ASSIGNED TASK: Look through the material and copy each line holding "with".

SOURCE DATA:
****

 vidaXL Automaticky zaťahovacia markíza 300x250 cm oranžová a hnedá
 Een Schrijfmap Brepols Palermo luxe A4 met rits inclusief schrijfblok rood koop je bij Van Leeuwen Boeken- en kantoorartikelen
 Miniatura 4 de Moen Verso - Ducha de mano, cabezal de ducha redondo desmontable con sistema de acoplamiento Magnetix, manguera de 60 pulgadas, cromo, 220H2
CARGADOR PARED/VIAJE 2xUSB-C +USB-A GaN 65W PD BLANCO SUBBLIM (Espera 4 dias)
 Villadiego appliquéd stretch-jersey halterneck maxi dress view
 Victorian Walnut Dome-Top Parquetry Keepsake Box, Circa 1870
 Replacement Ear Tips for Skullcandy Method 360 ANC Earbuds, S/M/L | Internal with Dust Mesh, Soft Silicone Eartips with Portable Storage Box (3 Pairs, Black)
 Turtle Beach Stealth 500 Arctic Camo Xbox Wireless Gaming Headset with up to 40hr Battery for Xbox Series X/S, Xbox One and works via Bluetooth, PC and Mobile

****

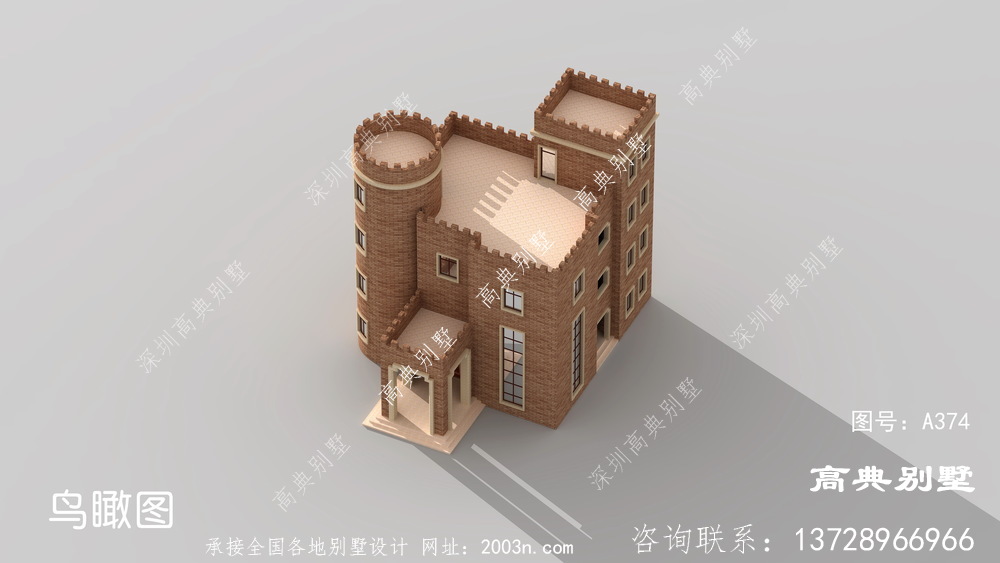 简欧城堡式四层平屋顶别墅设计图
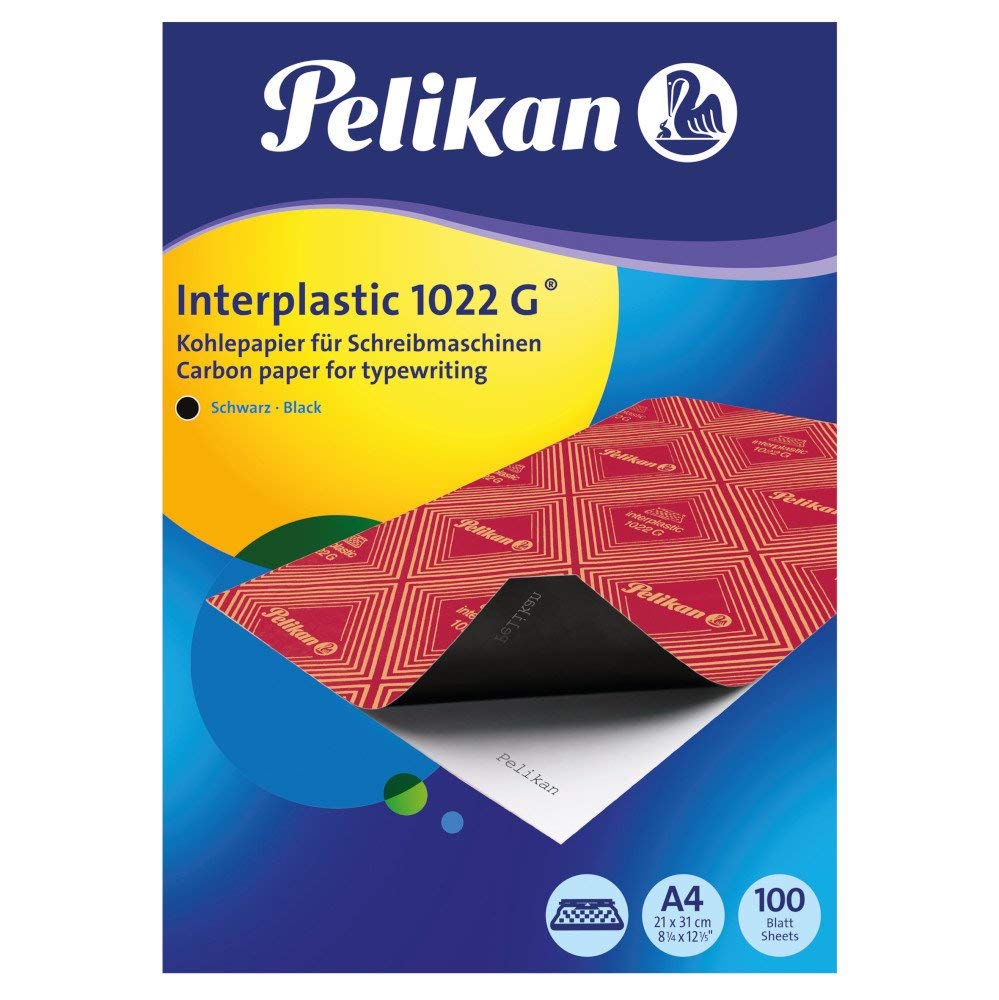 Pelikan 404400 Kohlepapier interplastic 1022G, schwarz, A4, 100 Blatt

****

RESULT:
 Replacement Ear Tips for Skullcandy Method 360 ANC Earbuds, S/M/L | Internal with Dust Mesh, Soft Silicone Eartips with Portable Storage Box (3 Pairs, Black)
 Turtle Beach Stealth 500 Arctic Camo Xbox Wireless Gaming Headset with up to 40hr Battery for Xbox Series X/S, Xbox One and works via Bluetooth, PC and Mobile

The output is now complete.